One spring evening she saw two mounted men descending one of the roads which led from the mountains. Instead of jogging quietly out on the highway, as ordinary travellers would have done, they disappeared among the trees. Soon afterward she caught a glimpse of two other horsemen on the second mountain road. One of these soon came into full view, and looked up and down as if to see that all was clear. Apparently satisfied, he gave a low whistle, when three men joined him. Phebe waited to see no more, but sped toward the house, her flaxen curls flying from her flushed and excited face.

“They are coming, father! Thee must be quick!” she cried.

But a moment or two elapsed before all were within the dwelling, the doors banged and barred, the heavy shutters closed, and the home-fortress made secure. Phebe’s warning had come none too soon, for they had scarcely time to take breath before the tramp of galloping horses and the oaths of their baffled foes were heard without. The marauders did not dare make much noise, for fear that some passing neighbor might give the alarm. Tying their horses behind the house, where they would be hidden from the road, they tried various expedients to gain an entrance, but the logs and heavy planks baffled them. At last one of the number suggested that they should ascend the roof and climb down the wide flue of the chimney. This plan was easy of execution, and for a few moments the stout farmer thought that his hour had come. With a heroism far beyond that of the man who strikes down his assailant, he prepared to suffer all things rather than take life with his own hands.

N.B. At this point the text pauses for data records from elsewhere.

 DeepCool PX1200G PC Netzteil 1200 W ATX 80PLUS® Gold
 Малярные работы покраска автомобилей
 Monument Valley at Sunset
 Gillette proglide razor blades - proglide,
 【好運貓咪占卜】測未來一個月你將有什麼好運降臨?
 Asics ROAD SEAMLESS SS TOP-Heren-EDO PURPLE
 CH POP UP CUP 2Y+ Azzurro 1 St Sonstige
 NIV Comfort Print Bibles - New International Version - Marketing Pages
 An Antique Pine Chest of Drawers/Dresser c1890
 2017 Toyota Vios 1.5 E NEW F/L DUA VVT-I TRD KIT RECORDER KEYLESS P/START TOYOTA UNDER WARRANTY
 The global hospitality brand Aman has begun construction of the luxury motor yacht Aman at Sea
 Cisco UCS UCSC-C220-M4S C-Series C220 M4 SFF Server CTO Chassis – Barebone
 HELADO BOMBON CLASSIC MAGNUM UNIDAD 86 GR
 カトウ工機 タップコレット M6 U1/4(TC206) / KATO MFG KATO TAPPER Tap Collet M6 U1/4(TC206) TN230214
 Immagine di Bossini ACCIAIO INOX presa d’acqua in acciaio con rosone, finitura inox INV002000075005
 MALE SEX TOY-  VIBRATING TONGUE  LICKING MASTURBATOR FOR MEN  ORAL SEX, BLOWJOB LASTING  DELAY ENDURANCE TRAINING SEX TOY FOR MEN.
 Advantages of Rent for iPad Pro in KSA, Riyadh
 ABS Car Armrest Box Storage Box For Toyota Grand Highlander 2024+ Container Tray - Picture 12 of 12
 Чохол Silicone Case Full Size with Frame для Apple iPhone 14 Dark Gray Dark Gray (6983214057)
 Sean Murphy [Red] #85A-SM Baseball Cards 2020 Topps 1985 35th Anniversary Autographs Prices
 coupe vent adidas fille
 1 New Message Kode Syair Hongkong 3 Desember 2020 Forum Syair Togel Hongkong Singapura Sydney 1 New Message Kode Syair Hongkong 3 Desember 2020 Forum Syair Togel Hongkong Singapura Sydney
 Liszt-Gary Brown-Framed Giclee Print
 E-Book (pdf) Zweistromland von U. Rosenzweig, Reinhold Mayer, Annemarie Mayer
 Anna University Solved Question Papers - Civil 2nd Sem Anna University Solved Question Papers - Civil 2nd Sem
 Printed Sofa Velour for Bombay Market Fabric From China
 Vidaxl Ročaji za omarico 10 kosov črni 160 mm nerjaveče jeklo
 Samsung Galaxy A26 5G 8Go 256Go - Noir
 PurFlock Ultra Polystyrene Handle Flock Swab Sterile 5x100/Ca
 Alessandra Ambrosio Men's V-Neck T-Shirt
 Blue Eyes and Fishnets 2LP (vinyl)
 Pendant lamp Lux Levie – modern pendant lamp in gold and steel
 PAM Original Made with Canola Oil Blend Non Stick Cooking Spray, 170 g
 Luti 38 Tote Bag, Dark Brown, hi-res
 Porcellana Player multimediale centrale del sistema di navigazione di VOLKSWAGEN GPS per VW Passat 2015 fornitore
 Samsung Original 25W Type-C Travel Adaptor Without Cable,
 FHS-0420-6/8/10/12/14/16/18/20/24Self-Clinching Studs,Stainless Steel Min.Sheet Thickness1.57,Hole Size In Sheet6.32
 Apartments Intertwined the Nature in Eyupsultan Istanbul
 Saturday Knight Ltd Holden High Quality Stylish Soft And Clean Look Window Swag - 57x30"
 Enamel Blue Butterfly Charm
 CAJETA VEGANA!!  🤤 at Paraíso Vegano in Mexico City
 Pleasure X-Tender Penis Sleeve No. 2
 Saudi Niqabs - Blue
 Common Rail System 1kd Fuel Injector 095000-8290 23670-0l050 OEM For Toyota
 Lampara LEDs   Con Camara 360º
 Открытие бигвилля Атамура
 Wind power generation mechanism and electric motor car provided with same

But his wife proved equal to this emergency. She had been making over a bed, and a large basket of feathers was within reach. There were live coals on the hearth, but they did not give out enough heat to prevent the ruffians from descending. Two of them were already in the chimney, and were threatening horrible vengeance if the least resistance was offered. Upon the coals on the hearth the housewife instantly emptied her basket of feathers; and a great volume of pungent, stifling smoke poured up the chimney. The threats of the men, who by means of ropes were cautiously descending, were transformed into choking, half-suffocated sounds, and it was soon evident that the intruders were scrambling out as fast as possible. A hurried consultation on the roof ensued, and then, as if something had alarmed them, they galloped off. With the exception of the cries of the peepers, or hylas, in an adjacent swamp, the night soon grew quiet around the closed and darkened dwelling. Farmer Reynolds bowed in thanksgiving over their escape, and then after watching a few hours, slept as did thousands of others in those times of anxiety.

But Phebe did not sleep. She grew old by moments that night as do other girls by months and years; as never before she understood that her father’s life was in peril. How much that life meant to her and the little brood of which she was the eldest! How much it meant to her dear mother, who was soon again to give birth to a little one that would need a father’s protection and support! As the young girl lay in her little attic room, with dilated eyes and ears intent on the slightest sound, she was ready for any heroic self-sacrifice, without once dreaming that she was heroic.

The news of the night-attack spread fast, and there was a period of increased vigilance which compelled the outlaws to lie close in their mountain fastnesses. But Phebe knew that her father’s enemies were still at large with their hate only stimulated because baffled for a time. Therefore she did not in the least relax her watchfulness; and she besought their nearest neighbors to come to their assistance should any alarm be given.